* Scraped caption text data *
^^^^^^^^^^^^^^^^
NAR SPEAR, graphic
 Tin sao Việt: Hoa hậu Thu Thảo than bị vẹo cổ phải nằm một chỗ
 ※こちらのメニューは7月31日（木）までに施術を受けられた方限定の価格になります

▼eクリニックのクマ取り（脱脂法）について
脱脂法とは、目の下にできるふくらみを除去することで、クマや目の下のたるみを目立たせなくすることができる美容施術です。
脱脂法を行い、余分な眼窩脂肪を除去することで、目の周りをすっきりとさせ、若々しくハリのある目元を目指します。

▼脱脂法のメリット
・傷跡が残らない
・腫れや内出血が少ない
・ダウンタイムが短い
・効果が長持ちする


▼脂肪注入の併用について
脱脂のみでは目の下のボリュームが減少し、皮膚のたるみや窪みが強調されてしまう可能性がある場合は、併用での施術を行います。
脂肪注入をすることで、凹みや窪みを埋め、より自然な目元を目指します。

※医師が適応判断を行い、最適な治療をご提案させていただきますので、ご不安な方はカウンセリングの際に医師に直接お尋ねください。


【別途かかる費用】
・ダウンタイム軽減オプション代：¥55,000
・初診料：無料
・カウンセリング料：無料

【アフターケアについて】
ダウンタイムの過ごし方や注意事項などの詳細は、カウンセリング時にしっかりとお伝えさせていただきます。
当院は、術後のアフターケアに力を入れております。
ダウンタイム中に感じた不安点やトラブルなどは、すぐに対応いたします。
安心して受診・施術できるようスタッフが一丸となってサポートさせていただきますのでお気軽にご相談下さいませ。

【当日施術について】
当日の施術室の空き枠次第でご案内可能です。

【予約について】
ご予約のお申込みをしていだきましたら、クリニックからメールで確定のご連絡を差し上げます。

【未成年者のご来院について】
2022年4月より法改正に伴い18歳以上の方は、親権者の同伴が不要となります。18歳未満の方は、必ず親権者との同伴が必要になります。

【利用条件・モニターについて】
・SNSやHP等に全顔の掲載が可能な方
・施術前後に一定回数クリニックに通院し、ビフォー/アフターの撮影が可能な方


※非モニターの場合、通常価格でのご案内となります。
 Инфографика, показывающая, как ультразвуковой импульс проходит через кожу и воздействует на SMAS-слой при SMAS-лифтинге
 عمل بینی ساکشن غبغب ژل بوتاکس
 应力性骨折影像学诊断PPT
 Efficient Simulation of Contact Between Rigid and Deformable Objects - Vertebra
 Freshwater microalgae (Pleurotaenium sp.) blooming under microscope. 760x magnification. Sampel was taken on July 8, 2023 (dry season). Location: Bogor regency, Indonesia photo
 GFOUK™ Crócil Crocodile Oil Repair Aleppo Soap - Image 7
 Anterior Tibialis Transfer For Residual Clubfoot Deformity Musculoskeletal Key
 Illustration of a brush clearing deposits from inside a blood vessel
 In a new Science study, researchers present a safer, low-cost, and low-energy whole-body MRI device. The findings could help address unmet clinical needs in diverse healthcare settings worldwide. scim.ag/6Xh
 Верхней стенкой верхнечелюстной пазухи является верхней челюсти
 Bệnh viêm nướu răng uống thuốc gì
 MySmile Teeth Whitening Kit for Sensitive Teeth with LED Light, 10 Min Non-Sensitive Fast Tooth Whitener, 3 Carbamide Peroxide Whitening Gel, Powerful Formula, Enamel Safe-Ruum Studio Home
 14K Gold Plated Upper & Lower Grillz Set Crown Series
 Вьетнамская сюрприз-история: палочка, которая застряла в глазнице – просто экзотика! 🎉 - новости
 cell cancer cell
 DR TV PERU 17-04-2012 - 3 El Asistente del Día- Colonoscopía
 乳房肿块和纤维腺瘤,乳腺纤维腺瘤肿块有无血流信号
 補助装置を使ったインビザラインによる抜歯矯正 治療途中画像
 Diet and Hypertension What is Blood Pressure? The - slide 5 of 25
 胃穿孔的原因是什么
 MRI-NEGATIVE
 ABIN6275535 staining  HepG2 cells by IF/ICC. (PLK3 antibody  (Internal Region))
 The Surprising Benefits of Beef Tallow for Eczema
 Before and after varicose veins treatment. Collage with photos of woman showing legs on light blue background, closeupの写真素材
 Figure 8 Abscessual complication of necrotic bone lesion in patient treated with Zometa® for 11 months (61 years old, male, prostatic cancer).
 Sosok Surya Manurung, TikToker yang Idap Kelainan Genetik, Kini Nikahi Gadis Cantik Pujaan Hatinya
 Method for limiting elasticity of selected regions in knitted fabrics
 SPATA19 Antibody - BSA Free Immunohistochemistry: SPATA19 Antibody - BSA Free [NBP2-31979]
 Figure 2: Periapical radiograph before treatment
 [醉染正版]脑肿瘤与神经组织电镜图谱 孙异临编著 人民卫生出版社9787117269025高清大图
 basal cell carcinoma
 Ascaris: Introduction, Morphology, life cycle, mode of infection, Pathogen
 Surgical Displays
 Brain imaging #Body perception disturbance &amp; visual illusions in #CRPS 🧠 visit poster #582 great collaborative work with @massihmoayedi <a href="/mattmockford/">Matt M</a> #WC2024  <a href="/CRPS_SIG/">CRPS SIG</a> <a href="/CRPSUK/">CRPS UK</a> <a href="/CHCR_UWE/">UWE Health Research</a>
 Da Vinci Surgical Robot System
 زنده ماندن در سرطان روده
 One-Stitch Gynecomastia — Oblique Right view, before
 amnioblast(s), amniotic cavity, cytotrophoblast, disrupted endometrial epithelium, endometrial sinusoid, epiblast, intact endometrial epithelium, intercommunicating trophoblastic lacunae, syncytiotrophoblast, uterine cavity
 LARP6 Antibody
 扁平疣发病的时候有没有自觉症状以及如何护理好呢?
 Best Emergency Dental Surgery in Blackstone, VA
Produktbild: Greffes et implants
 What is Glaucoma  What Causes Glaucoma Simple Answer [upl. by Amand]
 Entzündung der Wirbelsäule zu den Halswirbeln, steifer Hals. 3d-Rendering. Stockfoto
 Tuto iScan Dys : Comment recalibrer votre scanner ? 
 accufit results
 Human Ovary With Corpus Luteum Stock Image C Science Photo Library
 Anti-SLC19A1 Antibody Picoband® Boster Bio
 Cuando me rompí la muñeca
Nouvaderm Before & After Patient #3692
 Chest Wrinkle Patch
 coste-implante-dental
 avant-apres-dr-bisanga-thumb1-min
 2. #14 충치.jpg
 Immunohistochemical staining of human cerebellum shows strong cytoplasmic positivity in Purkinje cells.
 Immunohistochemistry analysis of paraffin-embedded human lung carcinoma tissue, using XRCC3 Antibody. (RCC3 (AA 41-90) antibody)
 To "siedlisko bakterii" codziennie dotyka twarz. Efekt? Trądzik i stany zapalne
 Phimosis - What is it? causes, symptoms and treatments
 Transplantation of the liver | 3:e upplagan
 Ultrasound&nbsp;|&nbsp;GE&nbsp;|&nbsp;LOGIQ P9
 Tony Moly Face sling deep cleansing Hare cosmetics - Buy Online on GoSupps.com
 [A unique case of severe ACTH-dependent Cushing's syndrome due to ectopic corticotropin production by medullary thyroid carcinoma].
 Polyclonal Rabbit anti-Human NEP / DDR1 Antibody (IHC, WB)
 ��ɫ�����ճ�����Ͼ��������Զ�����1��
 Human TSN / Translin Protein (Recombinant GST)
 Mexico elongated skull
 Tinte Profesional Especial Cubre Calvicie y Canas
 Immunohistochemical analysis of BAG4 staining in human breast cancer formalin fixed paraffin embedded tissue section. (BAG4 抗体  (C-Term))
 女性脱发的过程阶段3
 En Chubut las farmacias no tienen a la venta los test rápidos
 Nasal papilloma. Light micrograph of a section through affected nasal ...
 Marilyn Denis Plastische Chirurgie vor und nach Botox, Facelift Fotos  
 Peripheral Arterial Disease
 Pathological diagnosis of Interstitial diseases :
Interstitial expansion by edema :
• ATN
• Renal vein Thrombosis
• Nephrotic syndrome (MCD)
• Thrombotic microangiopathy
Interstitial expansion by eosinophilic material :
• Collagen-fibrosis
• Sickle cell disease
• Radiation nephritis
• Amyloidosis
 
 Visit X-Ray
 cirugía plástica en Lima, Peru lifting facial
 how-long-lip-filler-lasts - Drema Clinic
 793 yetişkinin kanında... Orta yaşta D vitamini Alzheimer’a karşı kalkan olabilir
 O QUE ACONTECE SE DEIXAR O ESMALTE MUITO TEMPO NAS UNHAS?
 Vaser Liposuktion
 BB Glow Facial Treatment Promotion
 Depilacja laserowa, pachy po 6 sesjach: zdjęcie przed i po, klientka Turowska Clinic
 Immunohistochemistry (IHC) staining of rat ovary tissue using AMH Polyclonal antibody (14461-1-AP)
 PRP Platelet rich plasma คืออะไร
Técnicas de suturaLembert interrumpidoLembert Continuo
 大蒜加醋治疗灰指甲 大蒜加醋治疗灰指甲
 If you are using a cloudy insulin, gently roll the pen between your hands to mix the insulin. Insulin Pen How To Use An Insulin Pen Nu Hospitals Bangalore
^^^^^^^^^^^^^^^^
* AIM OF THE TASK *
Only the lines above from the one with "زنده ماندن در سرطان روده" through the one with "2. #14 충치.jpg" should be duplicated, character for character.

* RESPONSE *
 زنده ماندن در سرطان روده
 One-Stitch Gynecomastia — Oblique Right view, before
 amnioblast(s), amniotic cavity, cytotrophoblast, disrupted endometrial epithelium, endometrial sinusoid, epiblast, intact endometrial epithelium, intercommunicating trophoblastic lacunae, syncytiotrophoblast, uterine cavity
 LARP6 Antibody
 扁平疣发病的时候有没有自觉症状以及如何护理好呢?
 Best Emergency Dental Surgery in Blackstone, VA
Produktbild: Greffes et implants
 What is Glaucoma  What Causes Glaucoma Simple Answer [upl. by Amand]
 Entzündung der Wirbelsäule zu den Halswirbeln, steifer Hals. 3d-Rendering. Stockfoto
 Tuto iScan Dys : Comment recalibrer votre scanner ? 
 accufit results
 Human Ovary With Corpus Luteum Stock Image C Science Photo Library
 Anti-SLC19A1 Antibody Picoband® Boster Bio
 Cuando me rompí la muñeca
Nouvaderm Before & After Patient #3692
 Chest Wrinkle Patch
 coste-implante-dental
 avant-apres-dr-bisanga-thumb1-min
 2. #14 충치.jpg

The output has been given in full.